Here is a sample itinerary, provided by Travel Alberta, that may give you an idea of what there is to do around here. It's called Two City - Two Park Circle Tour. If you lack time to do the whole thing, leave out the two cities, Calgary and Edmonton, except for landing and taking off if you are going to access the area by air, and concentrate on the two national parks (Banff National Park and Jasper National Park).

http://www1.travelalberta.com/conten...m?roadtripID=8

You also could do word searches for Banff, Lake Louise and Jasper here at Fodors talk, and numerous previous threads will come up.

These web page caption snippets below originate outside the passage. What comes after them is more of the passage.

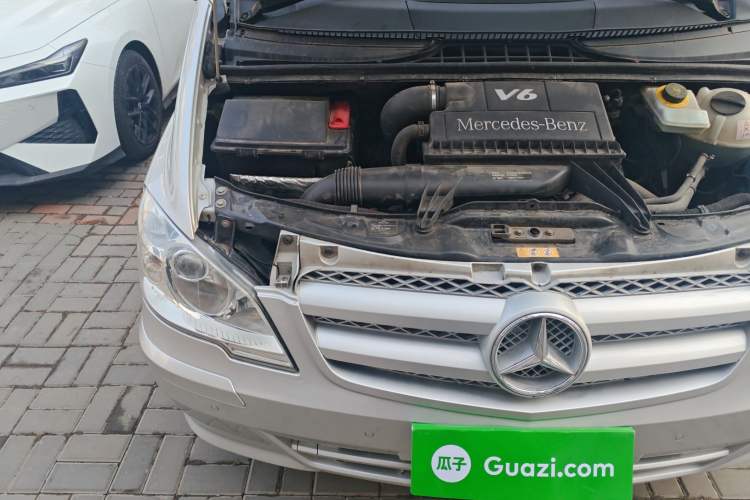 Used Mercedes-Benz Vito 2010 2.5L Elite Edition Engine Bay Right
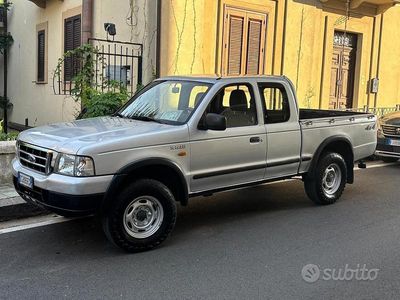 Usata Ford Ranger 109 CV (80 kW) 2006 Grigio Pick-up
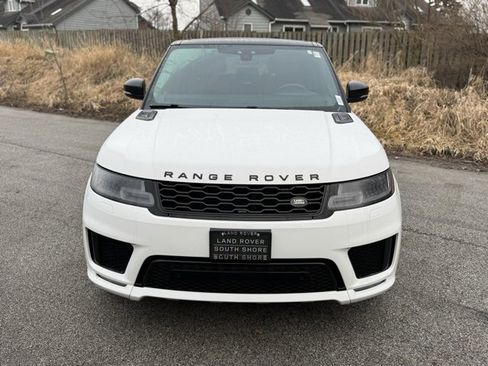 Used 2022 Land Rover Range Rover Sport HST image 3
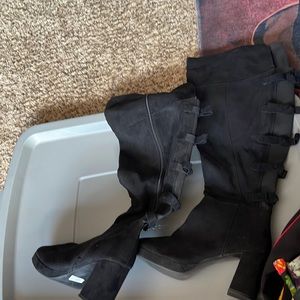 Black boots from torrid new haven’t worn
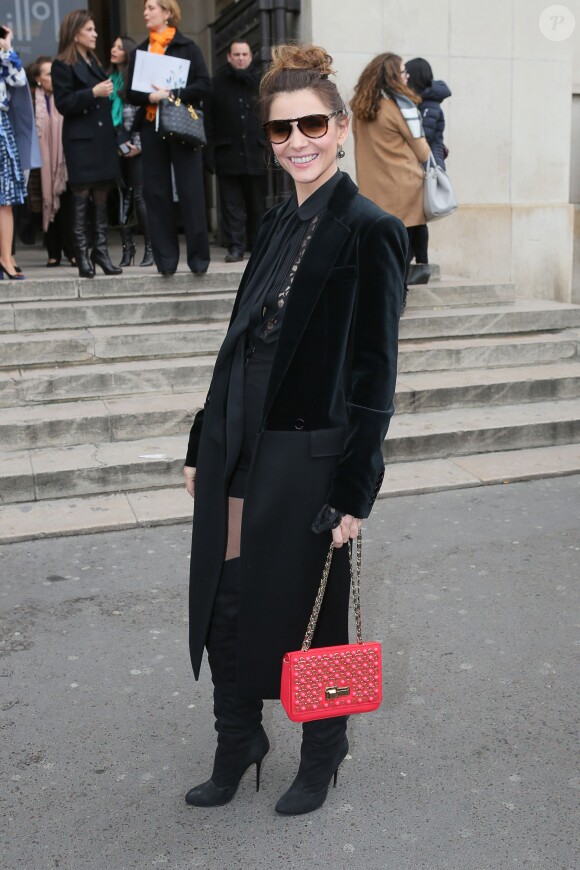 Clotilde Courau quitte le Théâtre National de Chaillot à l'issue du défilé (collection Haute Couture printemps-été 2016). Paris, le 27 janvier 2016.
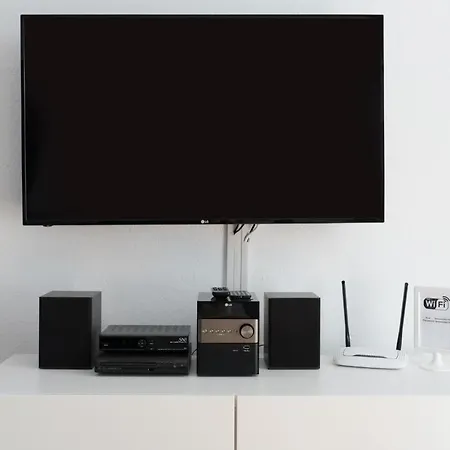 New Lanzasuites Villa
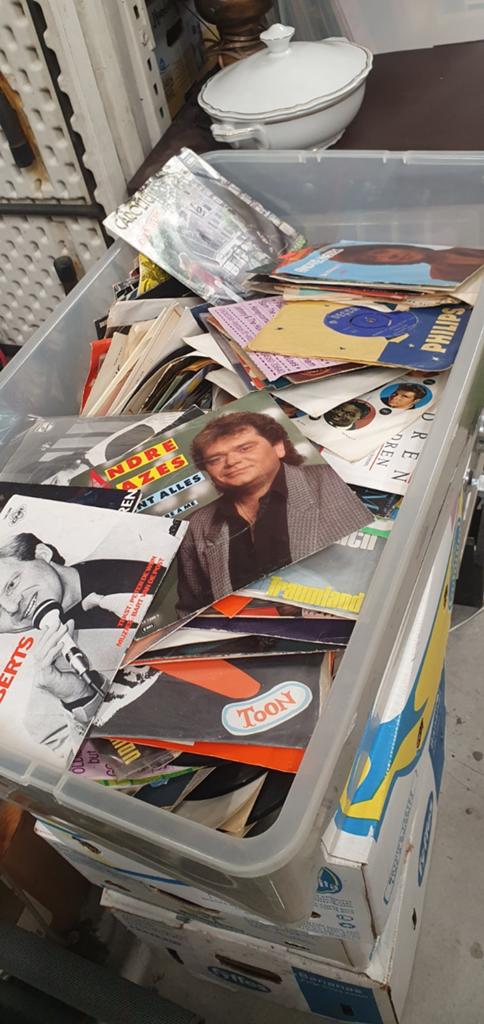 Lot van circa 150 stuks singles, Cd's en Dvd's, Ophalen of Verzenden, Gebruikt, Single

Travel Alberta provides good, free maps and travel guides. In addition to viewing the information on their website, you can order their free materials from

http://www1.travelalberta.com/cfforms/freestuff/

Yoho National Park and Kootenay National Park are continguous with Banff National Park, and also have excellent scenery. You can get information about them from Tourism British Columbia at

http://www.hellobc.com/bcescapes/request_start.asp

You can also do word searches here at Fodors Talk for Yoho, Takakkaw Falls, and Emerald Lake.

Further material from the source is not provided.